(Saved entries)
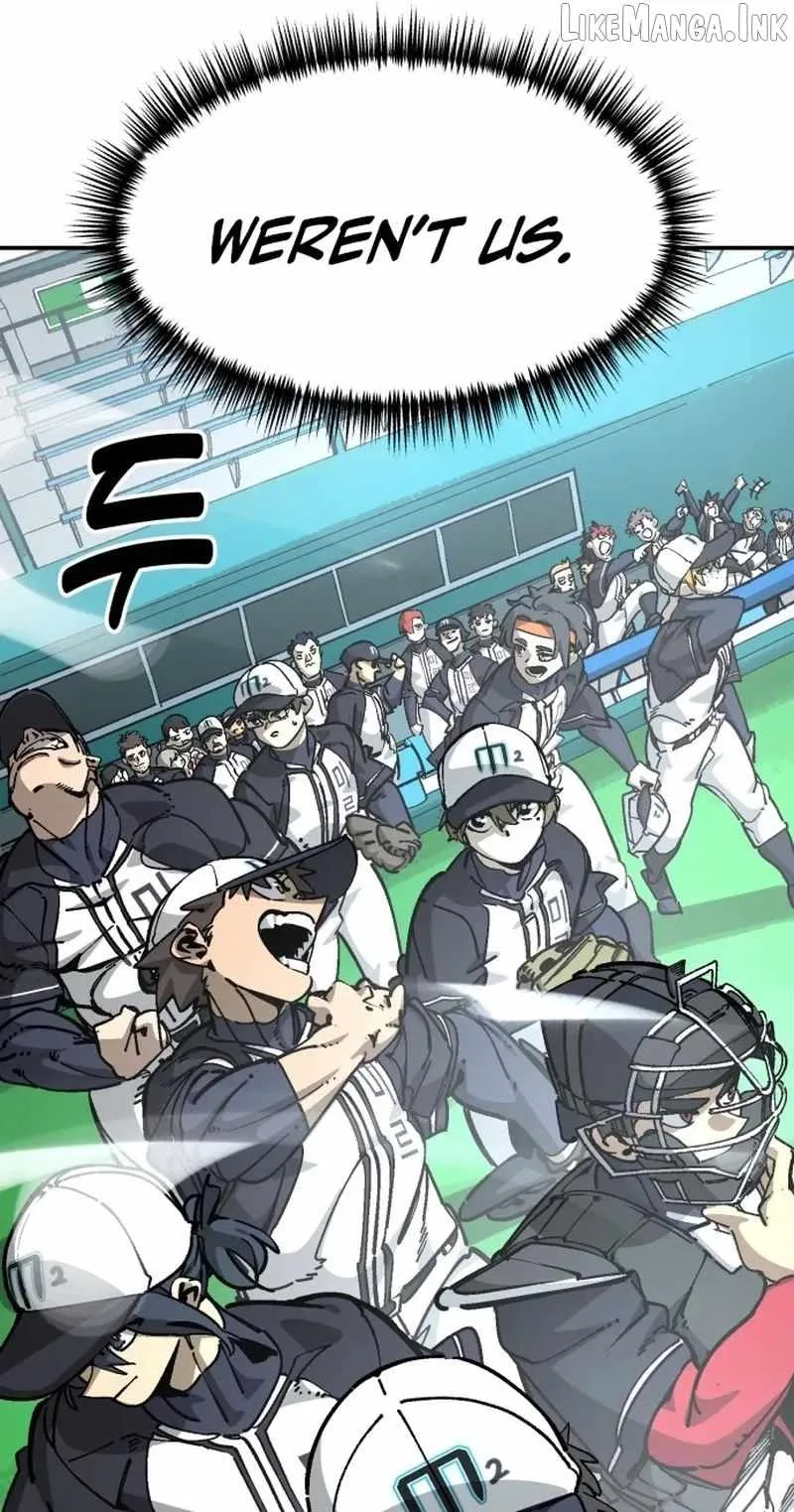 Winning Shot Chapter 105 page 63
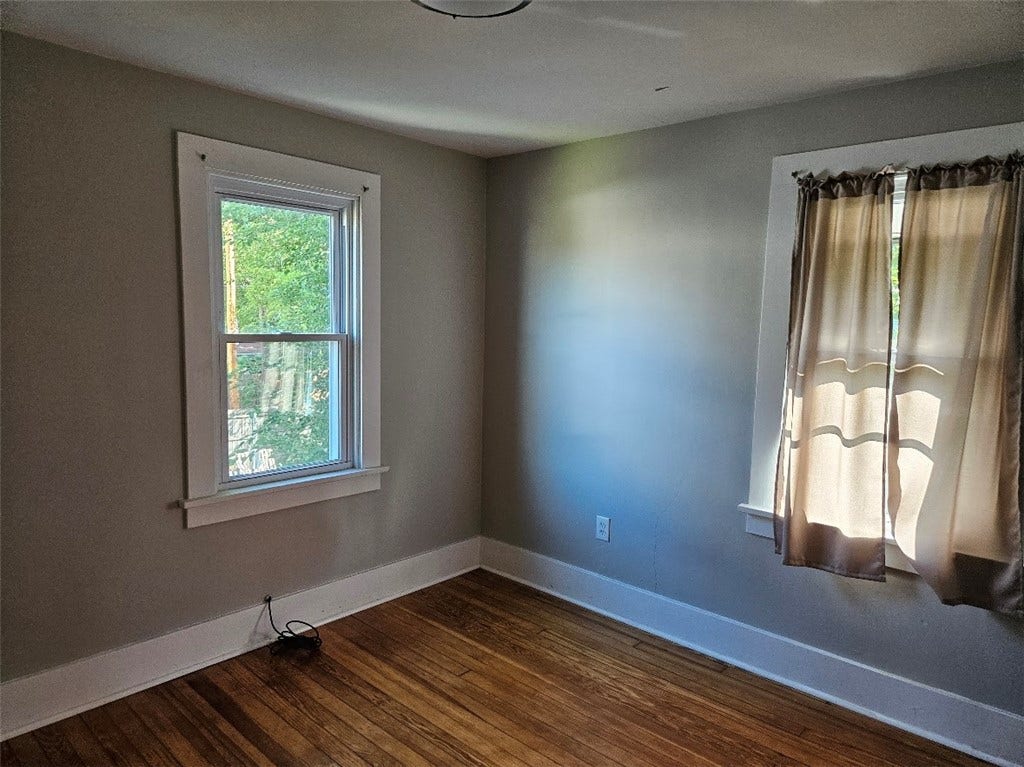 58 Evans Ave, Pittsburgh, PA 15205 58 Evans Ave, Pittsburgh, PA 15205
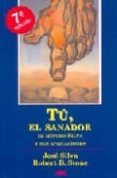 tu, el sanador:el metodo silva y sus aplicaciones (3ª ed.)-jose silva-robert b. stone-9788487598159 tu, el sanador:el metodo silva y sus aplicaciones (3ª ed.)-jose silva-robert b. stone-9788487598159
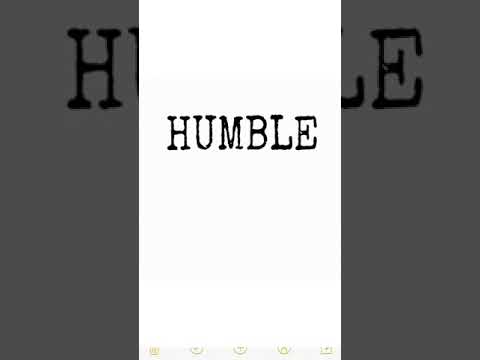 GT Toni - Humble Ft. l4 Draxo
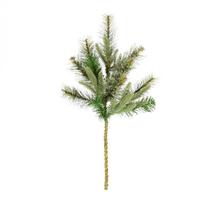 View 24" Artificial Cashmere Pine Spray (4 pack)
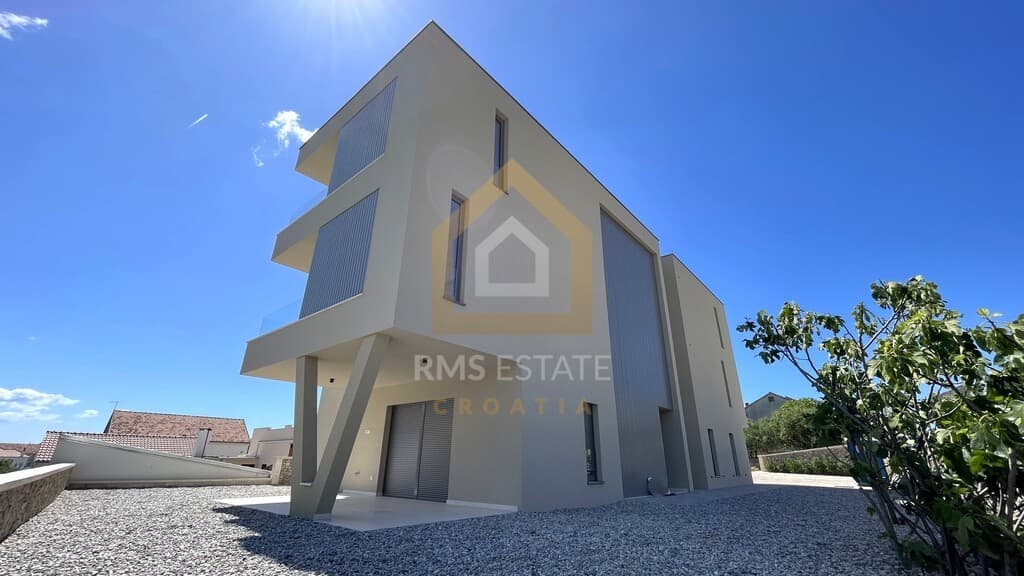 Apartament - VODICE DALMACJA
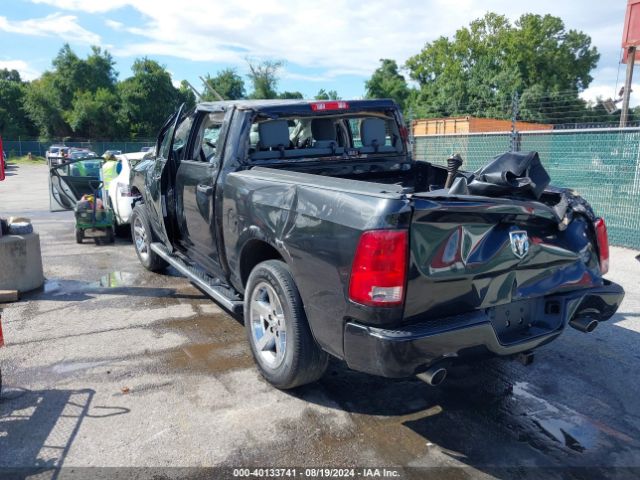 3C6RR7KT5JG198253 RAM 1500 St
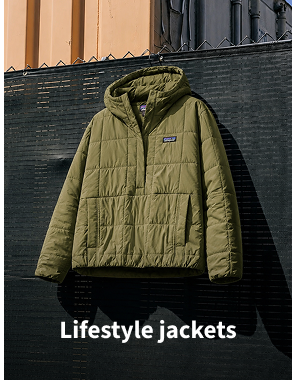 Lifestyle Jackets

### Directions for this task
Since the pictures are not wanted, set down only the rest of each record, exactly as above.

### Response to this task
 Winning Shot Chapter 105 page 63
 58 Evans Ave, Pittsburgh, PA 15205 58 Evans Ave, Pittsburgh, PA 15205
 tu, el sanador:el metodo silva y sus aplicaciones (3ª ed.)-jose silva-robert b. stone-9788487598159 tu, el sanador:el metodo silva y sus aplicaciones (3ª ed.)-jose silva-robert b. stone-9788487598159
 GT Toni - Humble Ft. l4 Draxo
 View 24" Artificial Cashmere Pine Spray (4 pack)
 Apartament - VODICE DALMACJA
 3C6RR7KT5JG198253 RAM 1500 St
 Lifestyle Jackets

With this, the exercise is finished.